Banner Image
Bushfire Victims Turn to the Law after Losses

Bushfire Victims Turn to the Law after Losses


Bushfire Victims Turn to the Law after Losses

Article by: Hari Yellina

Insurers dealing with claims following a devastating Wheatbelt firestorm in February have hired a law firm to pursue legal action on behalf of clients who lost millions of dollars in the blaze. It was “early days,” according to a spokesman from Hall & Wilcox legal firm, and investigations were “still being conducted to look into who might be accountable.” “We’ve enlisted the help of professionals, including bushfire experts, to investigate the source of the incident,” the spokesman said. The fire was accidental, according to the WA Department of Fire and Emergency Services (DFES), and originated when “an allowed stubble burn, conducted several days before the fire and then extinguished, rekindled in the catastrophic conditions,” according to Deputy Commissioner Craig Waters.

“The local government was within its rights to provide the burning permit to landholders because there was no absolute fire ban in force for the week leading up to the Shackleton [Corrigin] blaze,” Deputy Commissioner Waters said. On February 5 and 6, more than 100 other local governments in Washington implemented total fire bans. According to Corrigin farmer Steven Bolt, the Bruce Rock Shire was to blame since a farmer was issued a burning permission four days before the fire. “It’s just staggering for a permission to be obtained and for the landholder to execute it,” he remarked.

The Corrigin fire scorched 45,176 hectares of native bushland and farms, according to the Department of Forestry and Environmental Services. Four homes were destroyed, 44 non-residential buildings were damaged, and 30 more were damaged in the fire. The Department of Primary Industries and Regional Development in Western Australia has received reports of 1,000 animals died in the fire due to smoke inhalation or euthanasia for animal welfare reasons. Mr Bolt said, “We’ve lost a lot of infrastructure – five huge sheds and a lot of machinery.” “We lost our embryo donation ewes and display rams, who were housed in one of the sheds, which is rather significant.” He calculated that the loss to his company would be “certainly in the millions of dollars.”

Corrigin was one of four emergency-level fires that erupted in regional WA on the first weekend of February, when the state was hit by a 40-degree heat wave and strong winds. Mr Bolt stated, “The terrible weather conditions had [previously] been forecast.” “We knew the weather was going to be severe on Monday.” “By Wednesday, DFES had issued warnings of potentially disastrous conditions for the approaching weekend.” The lengthy dry period that preceded the WA fires, as well as the residual stubble from the record-breaking harvest of 2021, enhanced the speed and severity of the flames. Mr Bolt stated, “The 2021 season was the largest fuel load we’ve ever had out here.”

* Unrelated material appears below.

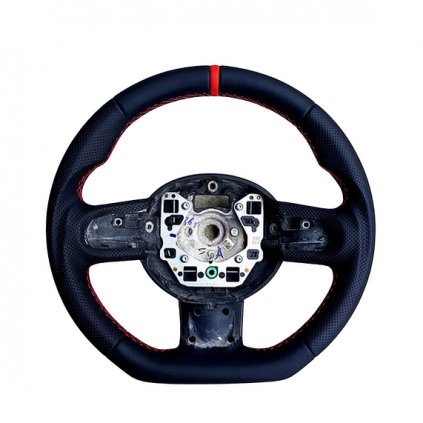 Kožený volant na zakázku - MINI R55/R56/R57/R58/R59/R60/R61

“From the end of October to the time of the fire, it had been one of the driest times on record.” “There hadn’t been a single drop of rain, and we’d completely cured all of that biomass.” “Four days before the incident, I phoned DFES to express my worry for that time period. Six planes dropped 60,000 gallons of water and retardant to put out the fire, while volunteer firefighters and DFES employees battled the inferno on the ground. “On Sunday, 10 areas in Western Australia had catastrophic fire hazard ratings – this is extremely exceptional and highlights the difficult situation for emergency services,” a DFES representative said. DFES “always” strived to learn from the fires it responded to, according to Mr Waters. However, the conditions on that weekend were catastrophic and emergency services did all they could to reduce the impact of the Wheatbelt fires.